To give you a sense of the numbers, by 1931, scholars note that“…6 million persons had moved within and from the greater Bengal region, a number already twice as large as the entire Indian diaspora worldwide  in 1947 and almost twice the size of the Chinese diaspora in the USA in 2010.[19] By 1931, the Bengali-speaking population in Assam was double the number of Assamese-speaking persons.[20] In Tripura alone, scholars have noted that the indigenous tribes had stopped being a “decisive majority” on the eve of partition due to Bengali migration.[21] Given their huge socioeconomic and cultural consequences,[22] these migrations cannot be overlooked merely because international borders were not crossed.[23] Moreover, this internal migration with a five decade history was suddenly transformed into an international one when the eastern border was drawn.[24]

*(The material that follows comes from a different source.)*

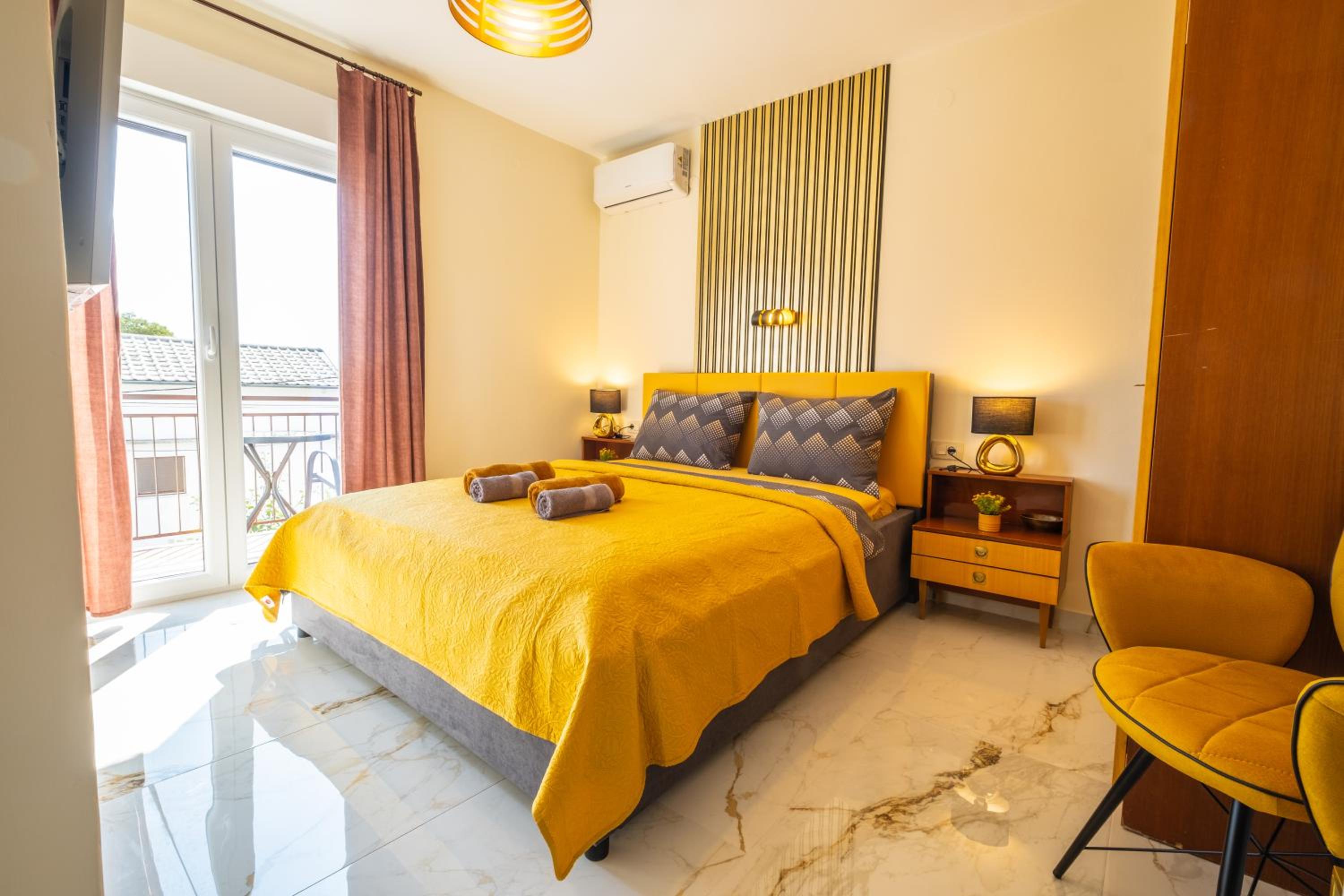 Double Room with Private Bathroom photo 1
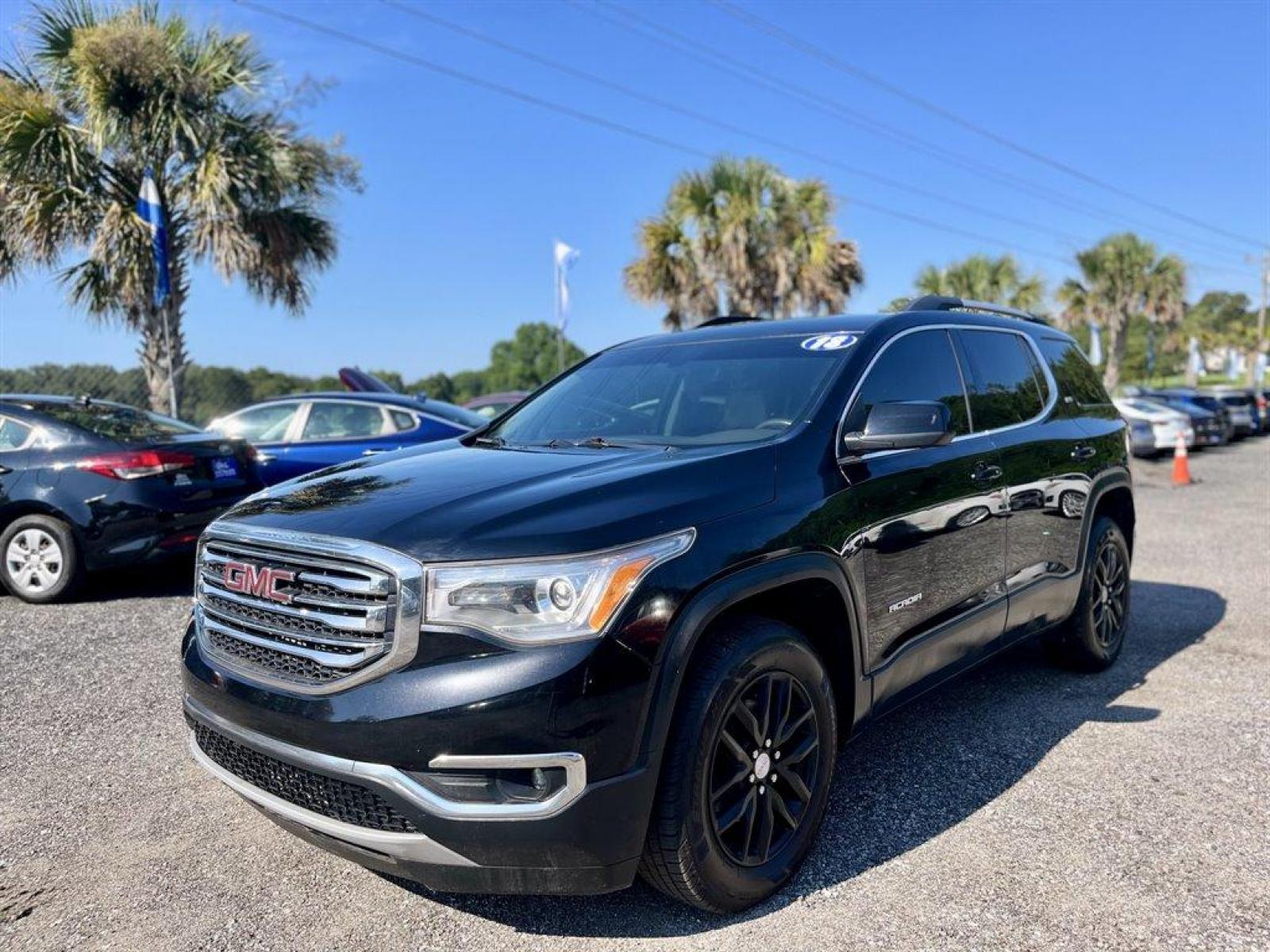 2018 Black /Cream GMC Acadia SLT-1 FWD (1GKKNMLS6JZ) with an 3.6l V6 DI Dohc 3.6l engine, Automatic transmission, located at 745 East Steele Rd., West Columbia, SC, 29170, (803) 755-9148, 33.927212, -81.148483 - Special Internet Price-2018 GMC Acadia With SiriusXM Satellite Radio, 8 Diagonal Color Touch Screen Back Up Camera, Leather Interior, Heated Driver and Front Passenger, Dual Climate Control, Keyless Open and Start, 3rd Row Seating, Plus More! - Photo #1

Impact of the Eastern Partition  

Dominant narratives of the eastern partition focus only on linguistic and religious identities of migrants and refugees. However, even wherethe border did indeed separateBengali majority areas from others(such as in Tripura and Assam)“…it was often a case of Bengalis (both Muslims and Hindus) on one side and non-Bengali Christians or Buddhists on the other…[25]

Further examination also reveals the caste, class, and gendered impacts of the eastern Partition. For instance, in West Bengal, the first to arrive were upper caste and upper and middle class Hindus of East Bengal. Dalit refugees came only after the riots of 1949 and 1950.[26]

The landed and middle class were motivated by the fear of violence, the loss of social status, and the feeling that they may be better off in a land of ‘their own people’. On the other hand, the peasant class only moved when faced with “extreme violence or …intolerable hardship”, such as in the communal violence in 1949 and 1950.[27] While peasants were three quarters of the Hindu population of East Bengal, they were only forty percent of the Hindu refugees in West Bengal.[28] 

Among upper caste refugees, women occupied a position of “power and powerlessness in a national context.”[29] In public imagery, they were depicted in the public sphere,[30] which led to a narrative of agency. However, many such women were actually thrust into land grabbing for squatting, and later, into (sometimes violent) political agitations against eviction.[31]

In literature, the squalor in the Sealdah station – as refugees awaited allocation to a government refugee camp – forms the turning point for upper caste women getting into politics. However, Sealdah is barely a footnote in the ‘legacies of vulnerability’ inherited by the Dalit women refugee.[32] While upper caste women could rebuild their lives and look back upon the trauma of refugeehood, Dalit women refugees were consigned to a refugeehood that continues to the present day.[33] While upper caste women entering the labour market was seen as a “feminist triumph”,[34] Dalit women – having always been involved in wage labour – continued to do so post Partition, only without the family as a support system in their second full shift of domestic labour.[35]

Rehabilitation schemes entailing land and loans was implicitly designed for the able-bodied male refugee. For “unattached” women, rehabilitation came only in the form of training for (gendered and often low-paying) vocations, with the aim of keeping them occupied.[36] By 1957, when a comprehensive rehabilitation policy was introduced, women stood marginalized – along with families that lacked able-bodied men.[37] They were seen as economically non-productive, perennially dependent, and unworthy of rehabilitation but in need of relief.[38] Thus, the right to a social identity was taken away from women refugees who were not “attached” to a heteropatriarchal family of some type.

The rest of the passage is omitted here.